Pandemia. Piano e Archivio nazionale, Informazione. Che e come fare

Il parere di Aduc La pandemia è nel quotidiano: dentro testa e pelle. Abbiamo subìto o condiviso le iniziative dell’autorità e siamo in un momento in cui quelli che sfruttano una loro presunta notorietà e la fame di informazioni “basta che siano attrattive” da parte dei media, pur di rendersi simpatici dicono che siamo prossimi ad un’uscita. Sembra la versione febbraio 2022 di quei cartelli “andrà tutto bene” che si vedevano qui e là circa due anni fa. Ma sembra proprio che non sia così. Al di là di previsioni e opinioni, infezioni, ricoveri e morti ci sono, anche se il male lo abbiamo individualmente e socialmente somatizzato.

Oggi quel che è fatto, è fatto. Occorre capire cosa non abbiamo avuto e fatto, cosa bene e cosa male, e attrezzarsi. Noi singoli – vivi, malati e con la memoria dei morti - non abbiamo poteri esecutivi e ci affidiamo ai rappresentanti istituzionali.

Piano nazionale pandemia

Per gestire, preparare e rispondere ad una pandemia: quella in corso e le prossime (continuità o meno dall’attuale). Il Piano non è stato fatto e crediamo che le teste che oggi procedono in ordine sparso ma con dimostrata capacità, fatto tesoro delle esperienze delle Regioni, possano farlo. 

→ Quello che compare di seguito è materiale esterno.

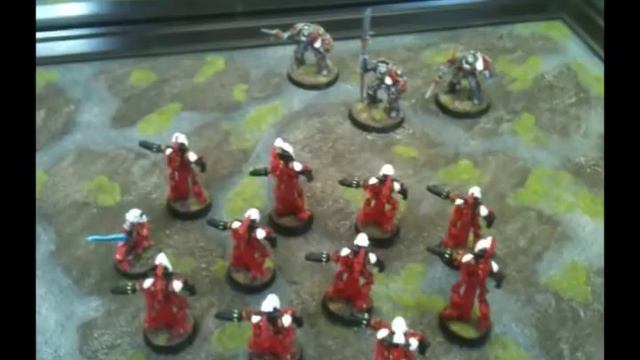 OLD (5th Ed) Eldar Tactics: Wraithguard смотреть онлайн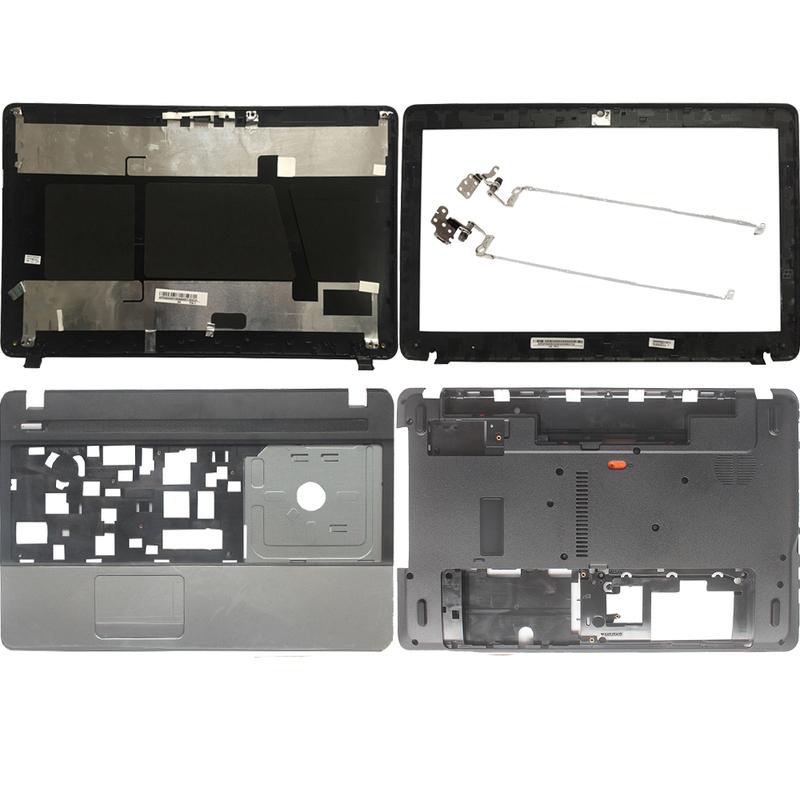 Новый Для Acer Aspire E1-571 E1-571G E1-521 E1-531 E1-531G Задняя крышка/Рамка/Верхняя часть корпуса с тачпадом/Нижняя часть корпуса LCD AP0HJ000A00 AP0NN000100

Archivio Sanitario Nazionale

Fatto anche qui tesoro dell’esperienza delle Regioni: un archivio dove, scambiando dati tra fonti diverse, pubbliche e private (interoperabilità), si inseriscano in tempo reale i dati di contagiati, vaccinati, sottoposti a tampone e/o test sierologico e/o altri accertamenti diagnostici, tipo di virus, tipi di cura erogati, risultati delle cure, decessi, dimessi e verifiche successive sugli stessi, effetti collaterali di vaccini e cure, etc. Allestimento che ha già base nell’informatizzazione del Servizio Sanitario Nazionale (SSN).

I vantaggi, per governo e legislatore, derivano dall’avere dati aggiornati per le decisioni da prendere, anche in ambito sociale ed economico.

Informazione

I privati facciano quel che responsabilmente ritengono opportuno: saranno giudicati dalle ricadute economiche del loro servizio, dai codici civili e penali, nonché dalla storia. 

Diverso per l’informazione di Stato, Rai: ci vogliono indirizzi che, tenendo conto della libertà professionale, evitino la confusione che c’è stata e continua ad esserci. I dati di riferimento devono essere quelli dell’Archivio Sanitario Nazionale (vedi sopra) e non le opinioni di personaggi (pur se qualificati e scienziati) in voga magari perché nel turbinio di una qualche polemica che si presume faccia audience. Occorre raccontare la realtà, ché ogni previsione diventa irreale e, di fatto, pericolosa. Sono i fatti che devono parlare, separati da opinioni. 

Si tratta di invertire un metodo fino ad oggi usuale: non più fatti e opinioni per fare audience e… spettacolo, ma fatti e opinioni per raccontare la realtà. E’ bene ricordare che la tv di Stato è pagata dai contribuenti (canone) per il bene pubblico dell’informazione e, solo in seconda se non ultima battuta, per far tornare i conti (grazie ad introiti pubblicitari e altro) gareggiando con privati che, non a caso, non fruiscono del canone di Stato.